Attitudes to responsibility for climate action

This content forms part of the issues brief on climate change.

Climate of the nation survey results 2017

Source: The Australia Institute

Government action

There is also growing awareness among local, state and territory governments of the urgent need to take mitigating action to address the physical and economic risks of climate change. The Victorian and Australian Capital Territory Governments have committed to net zero emissions by 2050 and in Victoria the pledge is to reduce greenhouse gas emissions by 15-20 per cent below 2005 levels by 2020. Likewise, the Australian Capital Territory government has pledged 40 per cent reduction in greenhouse gas emissions on 1990 levels by 2020 and 100 per cent renewable energy by 2020. The Sydney City Council is an example of a regional government leading climate change adaptation. The City is Australia’s first carbon neutral government with ambitious targets to reduce emissions by 70 per cent by 2030 on 2006 levels. Sydney and Melbourne City Councils are part of the C40 global network of 96 governments taking local and regional action on climate change.

Business and financial

The chorus of concern from the corporate world is growing in volume. Chi Mun Woo, Partner, Sustainability for KPMG writes…

“The forecast for our planet, the environment and our communities is not pretty. We don’t want to go there. Some cope by denying any of this is happening. But the longer we dither, the harder others will need to work to slow the pace of change. And the more we will need to pay to repair the damage and compensate victims. The business community accepts this and many organisations are at varying stages of factoring climate policy and physical risks into strategy and risk responses.”

In 2016 the Australian Centre for Policy Development released a legal opinion prepared by the President of the New South Wales Bar Association which concluded that company directors who fail to consider the impact of foreseeable climate change risks on their business could be held personally liable for breaching the duty of due care and diligence they owe to their companies. In 2017, Geoff Summerhayes, Executive Board member of the Australian Prudential Regulation Authority provided the following advice:

While climate risks have been broadly recognised, they have often been seen as a future problem or a non-financial problem. Many of these risks are foreseeable, material and actionable now. There could be either sharper, more significant policy changes and market adjustments down the track, or the physical impacts of climate change could become more severe, more likely and more unpredictable.

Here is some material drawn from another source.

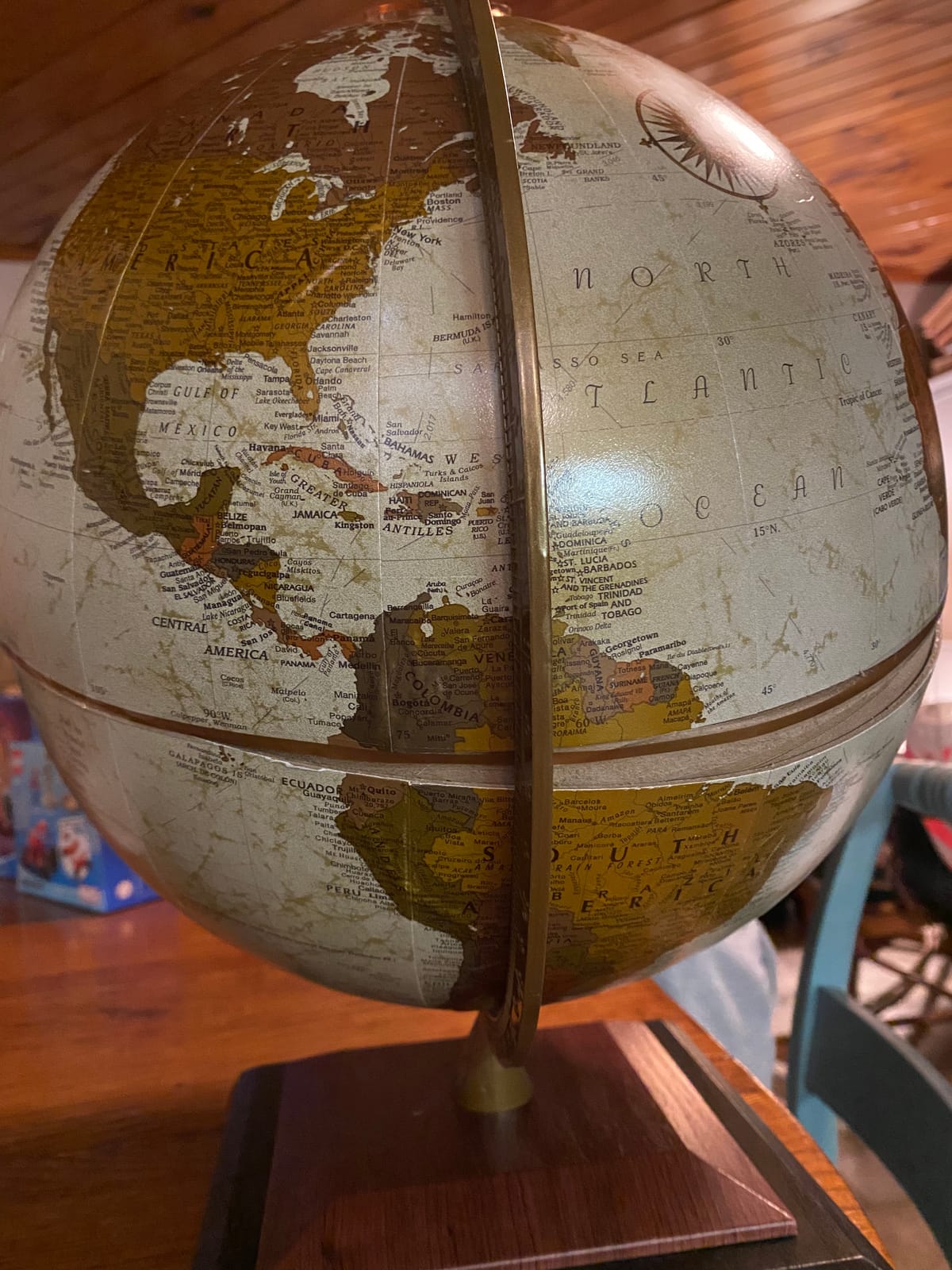 Replogle Aragon Globe, 12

The international investor movement to divest from fossil fuels is another example of powerful action taken by capital. Over 852 organisations and 59,524 individuals have pledged to make no new investments in the top 200 oil, gas, and coal companies and to scale back investments over the next three to five years. The combined assets of these divestment supporters is $6 trillion. Australian individuals and philanthropic foundations are participating in this campaign.

In 2015 Bank of England Governor Mark Carney warned investors and business leaders of the urgent need to recognise and address climate risk, highlighting three major areas of concern:

  • physical risk around the effects of climate change.
  • transition risk from the shift towards a net zero emissions economy.
  • liability risk for company directors, trustees, and insurers.

Community and not-for-profit

The perceived policy vacuum on climate change and energy has seen individuals and not- for-profit organisations taking action on climate change. Advocacy to strengthen the commitment of Australia’s governments to climate action and to stop developments which result in high emissions – such as new coal mines and broadscale tree clearing – are core business for a number of large and small organisations. There are also organisations seeking stronger vehicle emission and building standards, and better incentives to accelerate the adoption of emission-reducing technologies such as renewable energy.

Examples include locally organised initiatives, community owned generators and programs to increase awareness of energy saving measures. There are also a wide range of activities which aim to protect and enhance the carbon stored in native vegetation, which has both climate and biodiversity benefits. This includes indigenous land management programs, where traditional vegetation burning regimes are encouraged to prevent wildfires. Given the significant risk climate change presents to agriculture, a growing number of farmers are participating in advocacy and also adopting innovative land and water management techniques (for example: Farmers for Climate Action).

An increasing number of charities are looking for ways to further their social missions while dealing with the implications of climate change. The Brotherhood of St Laurence has a research agenda focusing on ways to reduce climate change impacts for people on low incomes. There is also a new, growing Just Transitions movement, supporting communities to transition their economies away from fossil fuel extraction or generation. The movement looks to sustainable economic solutions as a means of saving these communities from decline, but also to address current disadvantage or inequality.